■ **PROBLEM TO WORK ON**: With the line containing "Lot Pair of" as the start and the line containing "Auf diesem Bild" as the end, transcribe that span of the entries below exactly, including both.

::: INFORMATION :::

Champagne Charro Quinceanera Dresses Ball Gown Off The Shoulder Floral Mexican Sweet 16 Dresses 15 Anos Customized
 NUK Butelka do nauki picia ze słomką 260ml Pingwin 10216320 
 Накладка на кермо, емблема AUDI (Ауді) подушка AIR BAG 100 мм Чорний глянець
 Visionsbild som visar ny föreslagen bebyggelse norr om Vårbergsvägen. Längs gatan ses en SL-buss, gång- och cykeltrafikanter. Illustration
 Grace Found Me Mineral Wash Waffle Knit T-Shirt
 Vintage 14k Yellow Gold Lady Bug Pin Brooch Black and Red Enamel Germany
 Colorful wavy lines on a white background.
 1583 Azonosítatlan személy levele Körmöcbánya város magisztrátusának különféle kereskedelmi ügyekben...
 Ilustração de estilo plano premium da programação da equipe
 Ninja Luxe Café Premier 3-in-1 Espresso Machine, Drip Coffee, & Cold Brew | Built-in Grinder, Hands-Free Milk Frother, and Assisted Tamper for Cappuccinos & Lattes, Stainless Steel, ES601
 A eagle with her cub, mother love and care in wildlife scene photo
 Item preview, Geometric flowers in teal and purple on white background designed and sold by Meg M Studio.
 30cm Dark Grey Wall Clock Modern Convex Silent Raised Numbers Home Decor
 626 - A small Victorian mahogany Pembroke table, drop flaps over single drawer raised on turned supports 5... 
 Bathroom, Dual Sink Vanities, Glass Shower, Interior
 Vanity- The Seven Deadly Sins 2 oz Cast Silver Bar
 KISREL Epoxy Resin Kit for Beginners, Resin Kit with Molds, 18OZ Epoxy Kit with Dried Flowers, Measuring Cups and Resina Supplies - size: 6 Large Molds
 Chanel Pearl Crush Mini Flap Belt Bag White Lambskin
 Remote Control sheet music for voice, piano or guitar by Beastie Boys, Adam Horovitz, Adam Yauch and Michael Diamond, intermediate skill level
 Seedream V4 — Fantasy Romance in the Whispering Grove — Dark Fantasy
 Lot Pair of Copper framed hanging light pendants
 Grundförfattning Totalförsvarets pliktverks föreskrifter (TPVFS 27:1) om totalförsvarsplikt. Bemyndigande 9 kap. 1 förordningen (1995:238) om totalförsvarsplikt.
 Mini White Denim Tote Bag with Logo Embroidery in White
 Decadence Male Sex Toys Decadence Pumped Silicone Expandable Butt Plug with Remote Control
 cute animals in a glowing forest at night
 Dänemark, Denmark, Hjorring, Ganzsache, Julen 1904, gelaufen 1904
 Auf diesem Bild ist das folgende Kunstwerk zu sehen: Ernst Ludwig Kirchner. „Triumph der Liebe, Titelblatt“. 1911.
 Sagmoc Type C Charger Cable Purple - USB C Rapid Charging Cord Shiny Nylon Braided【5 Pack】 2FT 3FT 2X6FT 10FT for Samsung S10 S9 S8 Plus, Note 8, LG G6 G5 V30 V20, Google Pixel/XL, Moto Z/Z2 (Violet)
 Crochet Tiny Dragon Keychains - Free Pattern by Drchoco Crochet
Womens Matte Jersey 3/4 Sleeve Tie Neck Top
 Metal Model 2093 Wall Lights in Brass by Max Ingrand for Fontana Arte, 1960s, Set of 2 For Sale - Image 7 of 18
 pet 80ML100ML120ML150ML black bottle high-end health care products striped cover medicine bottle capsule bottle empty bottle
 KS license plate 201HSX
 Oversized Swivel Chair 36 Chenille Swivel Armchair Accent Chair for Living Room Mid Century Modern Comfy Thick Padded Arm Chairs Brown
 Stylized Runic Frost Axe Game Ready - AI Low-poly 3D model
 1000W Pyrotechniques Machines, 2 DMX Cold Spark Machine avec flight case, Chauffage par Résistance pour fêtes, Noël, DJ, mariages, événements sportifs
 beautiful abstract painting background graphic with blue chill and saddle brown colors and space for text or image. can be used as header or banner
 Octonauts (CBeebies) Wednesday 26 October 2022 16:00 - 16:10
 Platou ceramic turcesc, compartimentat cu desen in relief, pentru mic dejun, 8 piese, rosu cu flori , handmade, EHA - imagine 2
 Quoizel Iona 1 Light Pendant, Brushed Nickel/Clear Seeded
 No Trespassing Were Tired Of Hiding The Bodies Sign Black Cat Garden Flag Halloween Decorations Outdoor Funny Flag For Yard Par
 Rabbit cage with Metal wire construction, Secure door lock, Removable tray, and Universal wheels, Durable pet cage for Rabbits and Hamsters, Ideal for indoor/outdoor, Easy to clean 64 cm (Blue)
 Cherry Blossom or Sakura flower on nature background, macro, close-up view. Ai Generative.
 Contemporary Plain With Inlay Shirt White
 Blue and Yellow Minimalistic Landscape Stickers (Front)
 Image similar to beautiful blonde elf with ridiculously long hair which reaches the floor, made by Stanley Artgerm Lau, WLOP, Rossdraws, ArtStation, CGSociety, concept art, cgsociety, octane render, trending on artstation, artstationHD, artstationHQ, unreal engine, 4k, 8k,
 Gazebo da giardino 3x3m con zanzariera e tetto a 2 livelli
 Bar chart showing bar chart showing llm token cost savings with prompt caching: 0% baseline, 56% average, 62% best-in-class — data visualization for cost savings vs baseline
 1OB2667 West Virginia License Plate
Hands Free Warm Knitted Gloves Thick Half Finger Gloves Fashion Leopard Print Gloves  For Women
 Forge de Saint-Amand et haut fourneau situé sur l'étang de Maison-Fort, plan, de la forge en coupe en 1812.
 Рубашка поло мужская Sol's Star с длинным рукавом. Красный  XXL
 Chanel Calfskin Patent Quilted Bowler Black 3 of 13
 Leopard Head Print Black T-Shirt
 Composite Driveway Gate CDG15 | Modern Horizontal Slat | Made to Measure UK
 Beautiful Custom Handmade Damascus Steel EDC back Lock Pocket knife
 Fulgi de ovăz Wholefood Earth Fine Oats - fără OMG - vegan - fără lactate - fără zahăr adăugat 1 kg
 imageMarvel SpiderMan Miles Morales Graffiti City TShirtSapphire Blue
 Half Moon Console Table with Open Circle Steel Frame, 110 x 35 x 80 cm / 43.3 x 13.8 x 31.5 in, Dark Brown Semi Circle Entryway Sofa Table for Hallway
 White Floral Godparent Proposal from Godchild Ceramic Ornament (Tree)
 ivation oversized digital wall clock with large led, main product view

:::

■ **ANSWER AREA**:
 Lot Pair of Copper framed hanging light pendants
 Grundförfattning Totalförsvarets pliktverks föreskrifter (TPVFS 27:1) om totalförsvarsplikt. Bemyndigande 9 kap. 1 förordningen (1995:238) om totalförsvarsplikt.
 Mini White Denim Tote Bag with Logo Embroidery in White
 Decadence Male Sex Toys Decadence Pumped Silicone Expandable Butt Plug with Remote Control
 cute animals in a glowing forest at night
 Dänemark, Denmark, Hjorring, Ganzsache, Julen 1904, gelaufen 1904
 Auf diesem Bild ist das folgende Kunstwerk zu sehen: Ernst Ludwig Kirchner. „Triumph der Liebe, Titelblatt“. 1911.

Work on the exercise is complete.